# Expected Uniformity of a 4'' Popup Sprinkler



## effektz (Oct 11, 2019)

Hi all! Long time lurker, first time post! I had a question, in the middle of my back yard it appears that my lawn is very dry or over stressed compared to the grass surrounding it. I did a 15 minute test on the sprinklers that I believe should be distrubuting water to that area. The area that has issues begin roughly around 10ft away from this sprinkler head. I am not sure what brand sprinkler they are but they appear to be standard rainbird 16'' throw ones you find at Home Depot. If it helps understand it, this one is a half-circle pattern and there was no wind when the test was taken.

To test I placed 3 cups at 3 different distances. I placed the first one at 5ft, second at 10 ft and third one at 15ft. I ran the sprinklers for 15 minutes and measured each cup, below are the results.

5ft cup - 5/8''
10ft cup - 1/4''
15ft cup - 1/16"

Is it normal for a pop up sprinkler to have this drastic of a drop off at these distances? Should I replace the sprinkler or is this normal that a new one would make no difference? Below I've included a picture of the back yard and the red circle is where the sprinkler in question is. I appreciate the help!


----------



## dpainter68 (Apr 26, 2017)

I'm not very familiar with the uniformity of the standard pop up nozzles, but my first question would be is there another head in the middle of that dry spot spaying back to the head in question giving it head to head coverage? You may want to consider rotary nozzles if your replace it.
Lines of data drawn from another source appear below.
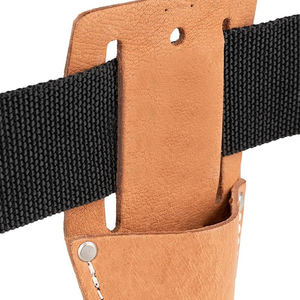 Professional <b>Leather</b> Plier Holder Handmade From Natural Cowhide With Strong <b>Belt</b> Carry For Work <b>Tools</b> - Product Image 5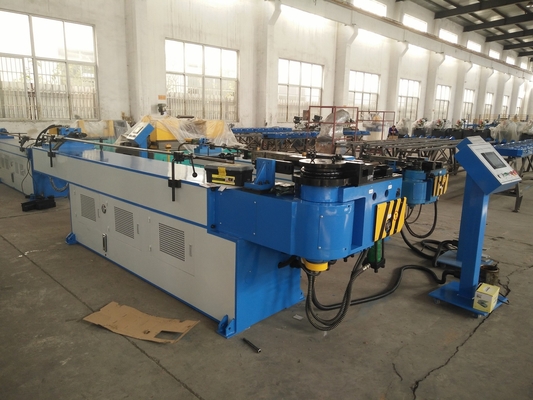 Mesin Bending Pipa Hidrolik Manual NC Semi Otomatis 15mm 14mm 10mm Tube Bender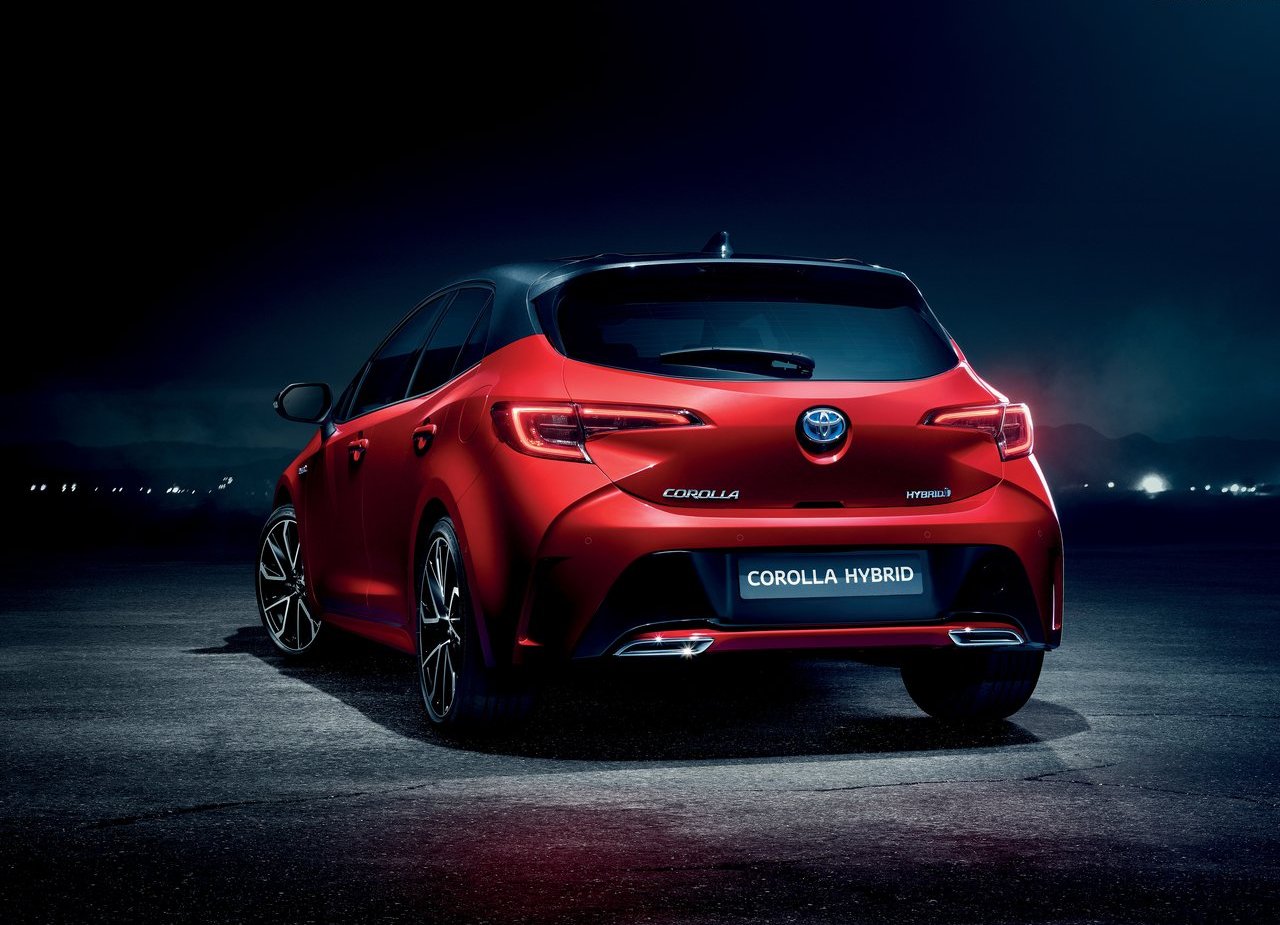 2019 - TOYOTA COROLLA HATCHBACK EU VERSION, foto 59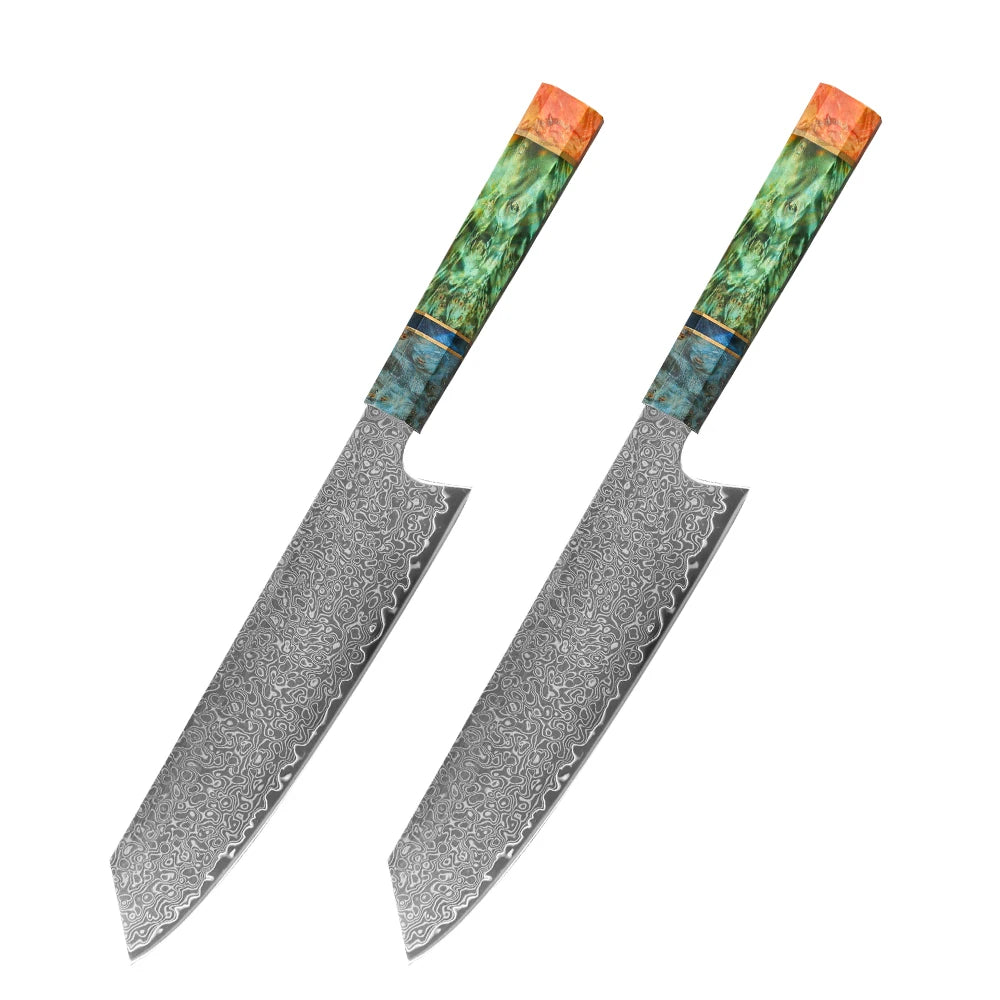 Couteaux Chef Japonais Kiritsuke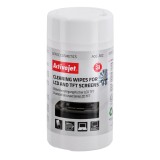 Activejet AOC-302 LCD salviette matrice 100 pz.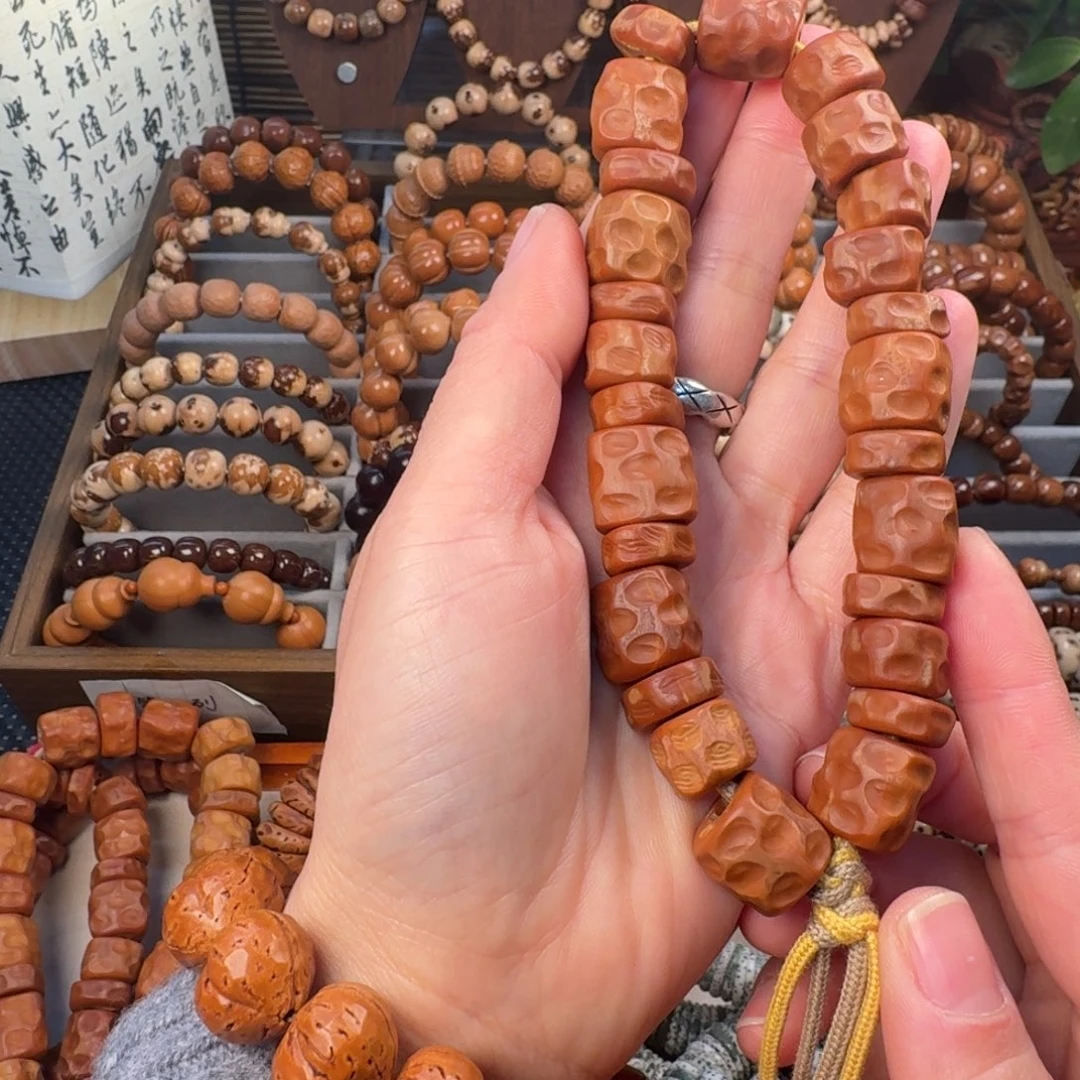 柏香籽/百香籽吊坠10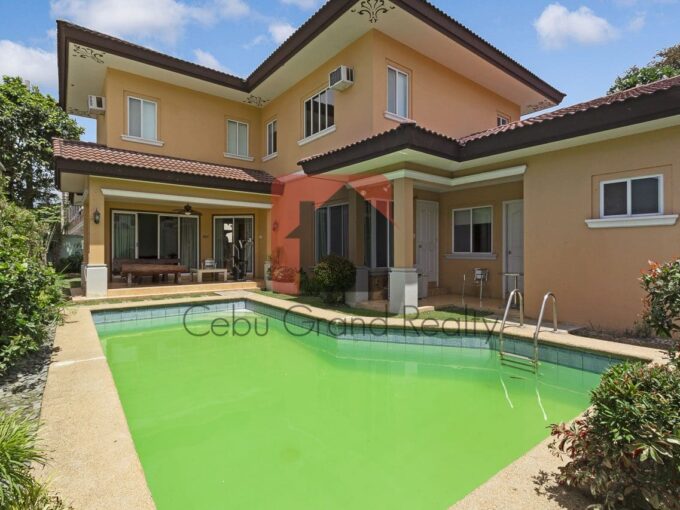 House for Rent near Cebu IT Park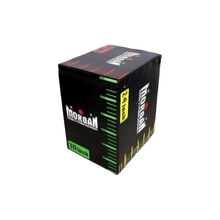 Load image into Gallery viewer, Morgan 3 in 1 Cross Functional Fitness High Density Foam Box V2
My understanding of them is the uniformity is much better, although I haven't done an audit on mine yet.


----------



## Ware (Jan 28, 2017)

Do you have head-to-head coverage? Irrigation heads require 100% overlap to achieve uniform distribution. Here is a nice graphic from irrigationtutorials.com (<- and a really great article at this link) illustrating the importance of head-to-head coverage:










So heads are typically arranged in a square or triangular pattern so that every head sprays all the way to the 2-3 heads adjacent to it:


----------



## effektz (Oct 11, 2019)

This one does not have head to head coverage. There are 3 large rotating heads in the flower box on the right side of the picture that throw water a good distance. I've only owned the home for a few years and it was put in 10+ years ago when it was built. I'm assuming that's my issue is the lack of coverage. To fix would it be helpful to run an additional sprinkler to the middle and use a 360 degree spray head on it?

I'm going to make a detailed drawing of my sprinkler system this weekend as I believe there are too many sprinklers in one zone but not enough in others


----------



## effektz (Oct 11, 2019)

The rotary heads in the back are Weathermatic Turbo 3 heads


----------



## effektz (Oct 11, 2019)

In case others have the same issue, what @Ware wrote above is correct. The sprinkler heads that were used on my lawn were incorrect. Looking at my neighbors systems this weekend and saw they all have rotators in the backyard where mine had the spray heads. I went to Home Depot and bought 1/2'' Rotating Sprinkers and swapped them this weekend. Did water test afterwards and now the areas that were not receiving a lot of water were correctly receiving it.

Thanks @Ware


----------